Is anyone else concerned about the use of vitamin D2 vs D3? I get that D2 is vegan and D3 isn’t, but the scientific consensus seems to be that D3 might be better than D2.
There are also some reports than D2+D3 is worse than just D3 alone.
For the record, I’m not against artificial sweeteners and flavorings, or anything like that. I would prefer a vegan vs non-vegan product. But based on my reading, it seems like there might actually be benefit to D3 vs D3.
Here is another paper. I will try and find the one I read about D2 inhibition of D3. It isn’t that hard to see how D2 could inhibit D3 utilization. Whereas D3 is the endogenous species, D2 can still activate the same pathways, but perhaps less efficiently. In this way, it could act as an inhibitor of D3. An important fact is that, from the paper above, a D2 activity seems to saturate at a lower final activity than D3, which could be quite biologically important. Also, we are just starting to understand the effect of vitamin D on things other than ricketts, such as mood. The activity of D3 vs D2 could be different there.
I’m not saying this is the case, and I will look for more studies, but the scientific consensus seems to be that D3 is a better vitamin. It can probably be overcome by additional D3 supplementation - but I would rather not have to take an additional supplement. Small issue, but worth discussing.
Also, your shark example is off the mark. A 50% increase in shark attacks doesn’t matter because in both cases you chances of getting eaten by a shark are incredibly small, thus unlikely to have an impact on your life. However, a 50% increase in vitamins (or 20% as suggested in the linked paper) could well put your from deficiency to proficiency.

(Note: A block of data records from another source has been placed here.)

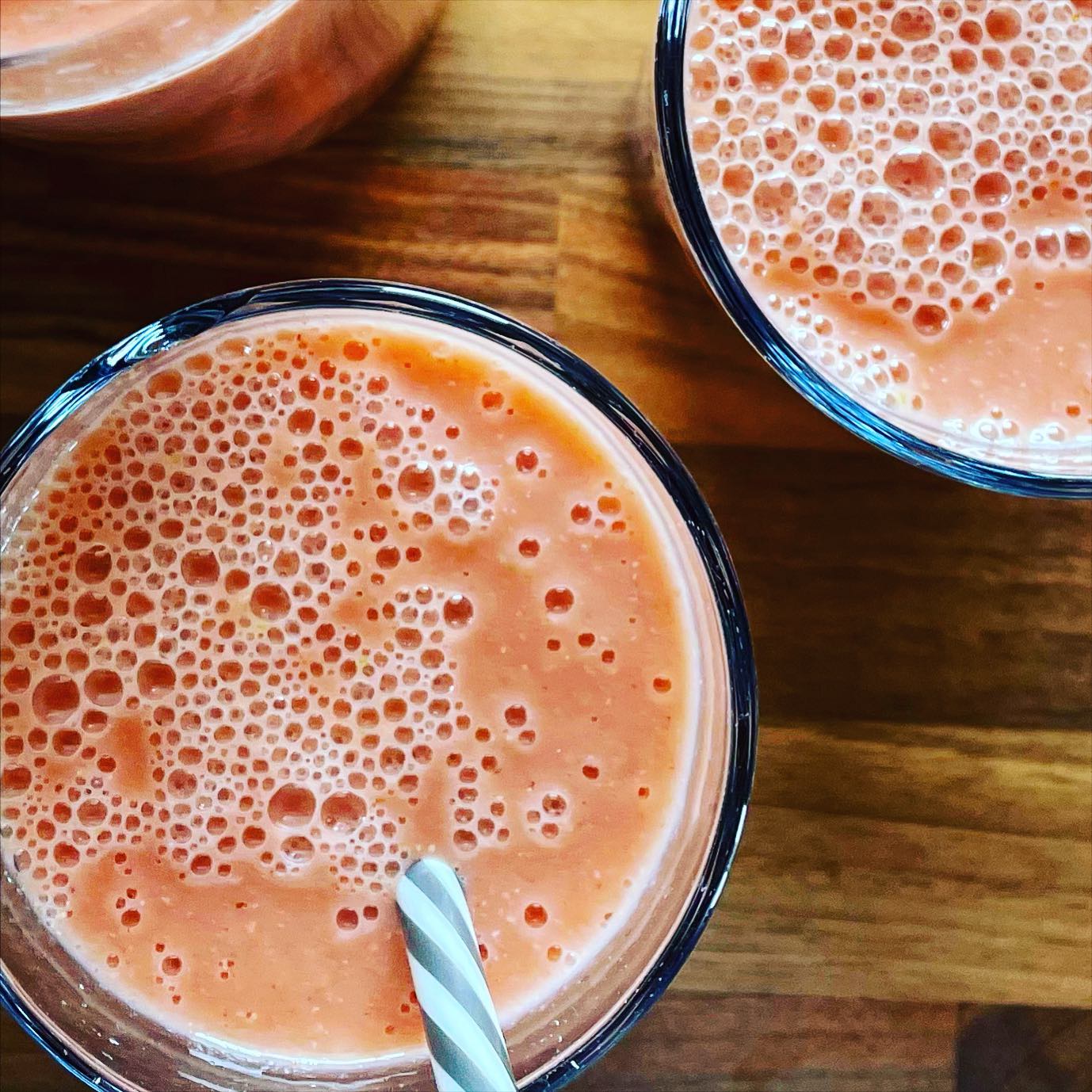 Strawberry Day🍓🍓🍓Strawberry Smoothie: apples, bananas, strawberries, and a handfull of heart-healthy oats (dont tell to il marito, because he hates them…) #strawberries #whenincalabria #fruitsofcalabria #localproduce #calabria #vegan #plantbased #smoothie #strawberrysmoothie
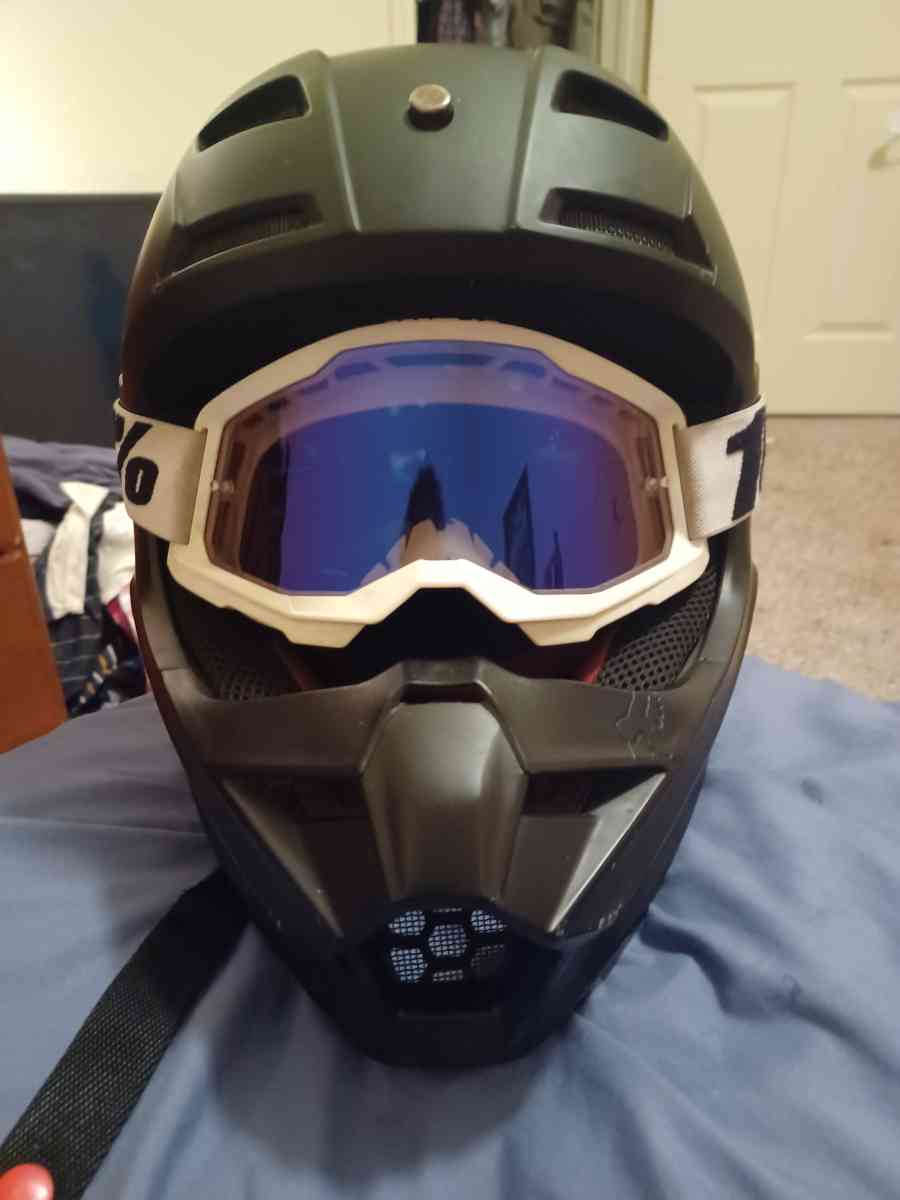 Fox v1 racing helmet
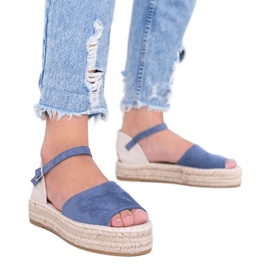 Kék szandál a Pearl River platformon Kék szandál a Pearl River platformon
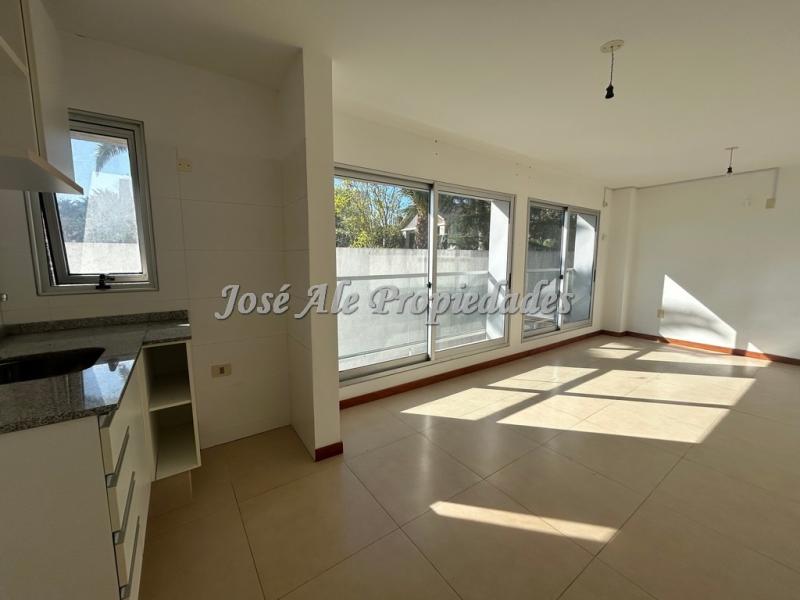 Espectacular monoambiente en edificio residencial frente al Rio de la Plata.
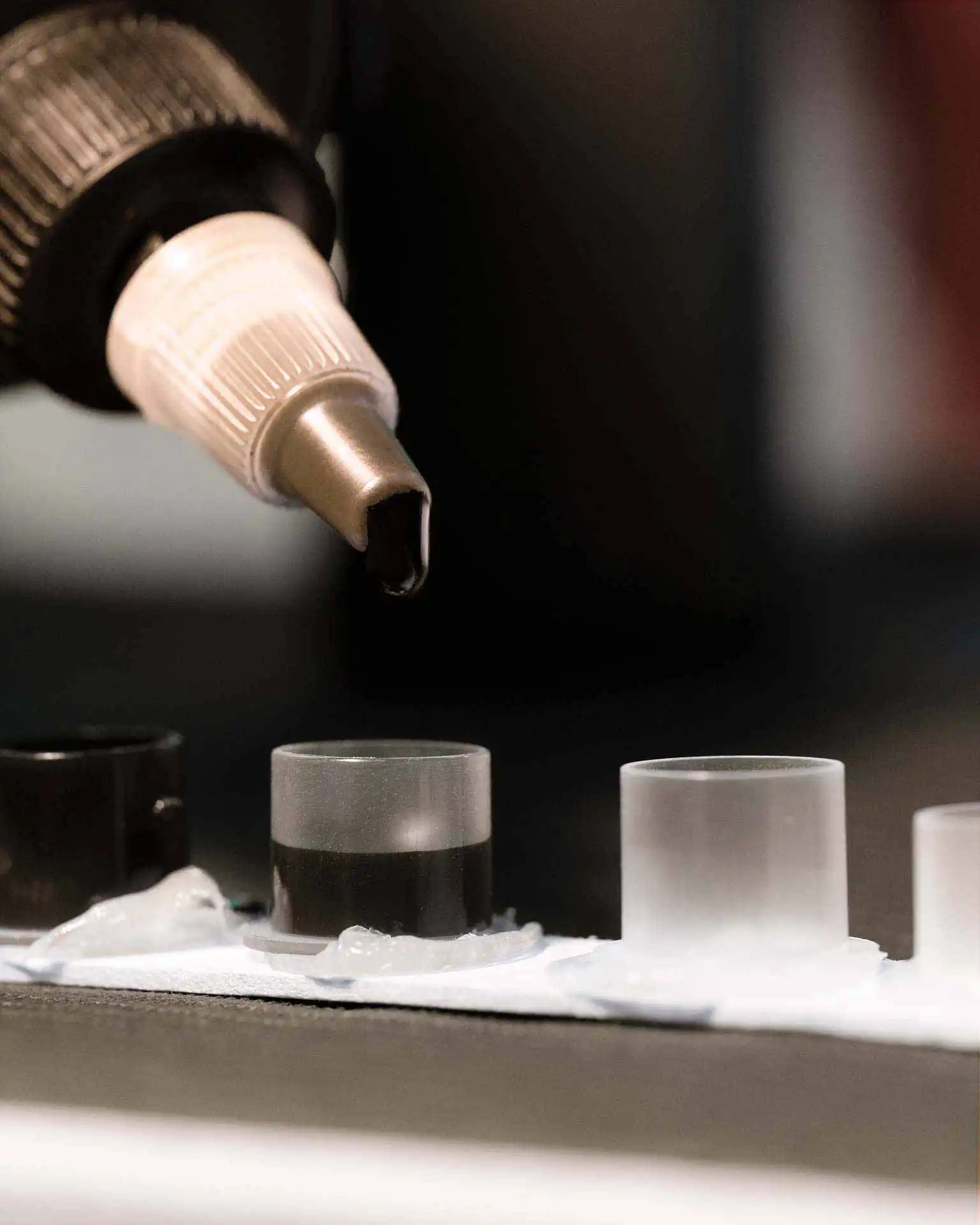 Gotas de pigmento preparadas con medidas de bioseguridad para procedimientos estéticos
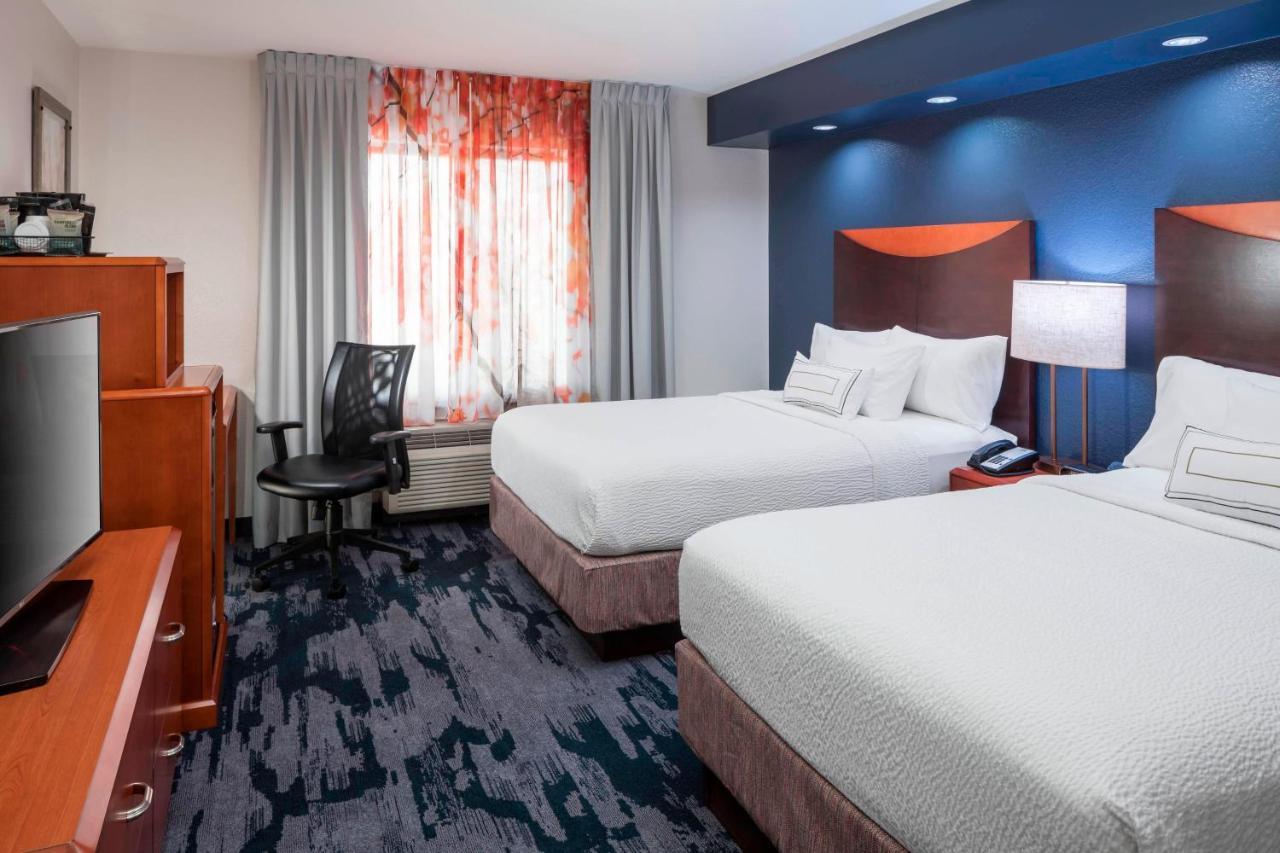 Fairfield Inn & Suites By Marriott Austin Parmer Tech Ridge Exterior photo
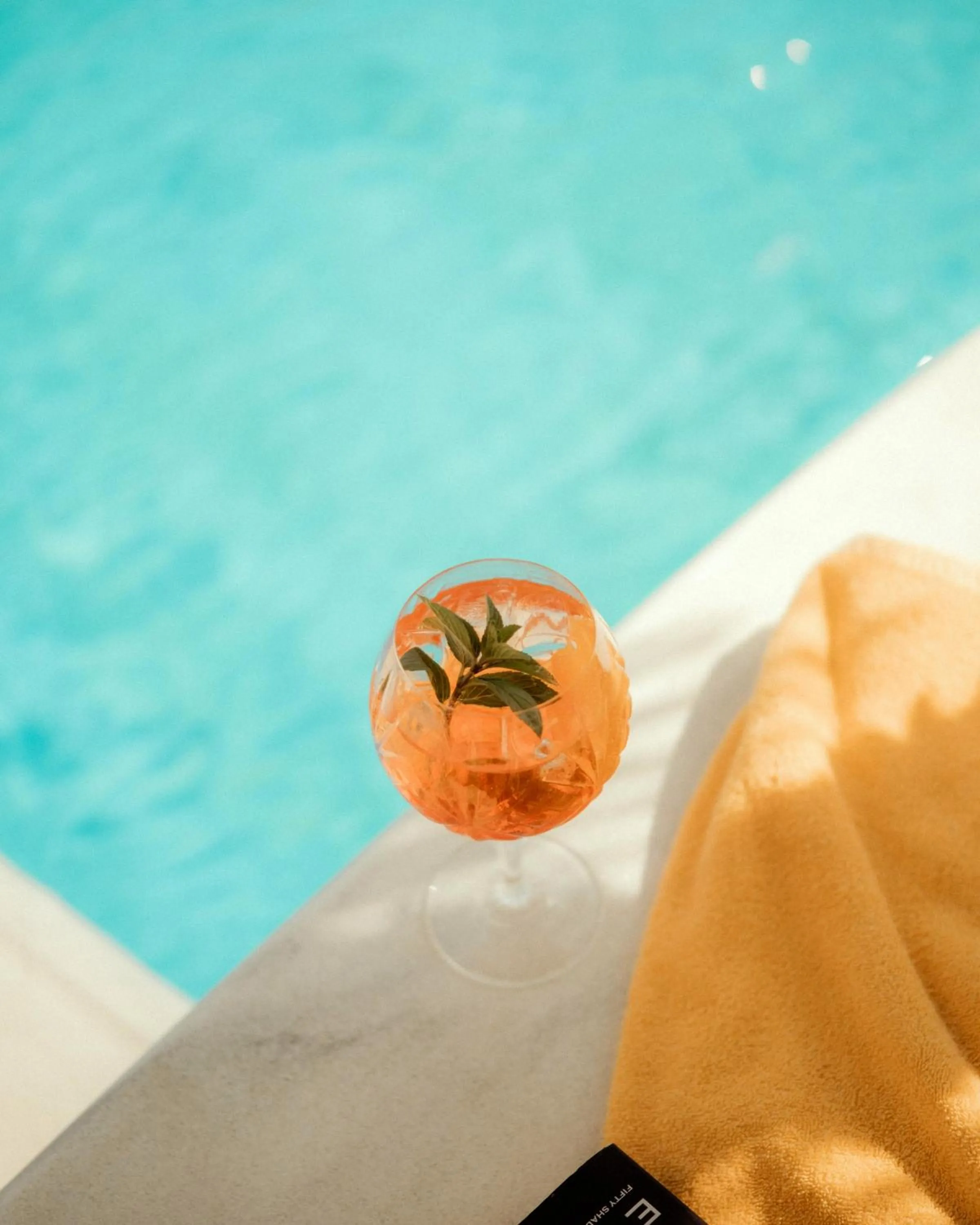 Text overlay in Sveltos Hotel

Hi Sam, that is how you make D2, not D3. D2 and D3 are very similar, except D3 is made from the animal molecule, cholesterol, while D2 is made from the fungal molecule, ergosterol. D2 is made by exposing mushrooms to UV light, whereas D3 is made by extracting cholesterol from wool and exposing it to UV light.
Those with the highest third of dietary vitamin K2 intakes in the study were 52 percent less likely to develop severe calcification of the arteries, 41 percent less likely to develop heart disease, and 57 percent less likely to die from it. By contrast, intake of vitamin K1 had no effect on cardiovascular disease outcomes.
This finding alone raises a major red flag contradicting the assumption that humans have the capacity to convert K1 to K2 at levels adequate for optimal health.
Dietary K2 is also at least three times more effective than K1 at activating proteins related to skeletal metabolism (see Schurgers et al., 2007)
All of these data points are inconsistent with the notion that K2 is extraneous, or fully synthesized as needed.
As far as my own health is concerned, I agree with Chris Kessler that K2 deserves to be regarded as an essential nutrient in its own right. At minimum, I think it’s a good idea to have both K1 and K2 contributing to the dietary requirement for “K.”
Yikes, I hadn’t read up on K2 before. I eat eggs on most days, but with soylent for breakfast I would be missing out on it. I already take choline supplements on days when I skip eggs, I guess I’ll add K2 to the list. Thanks for the info.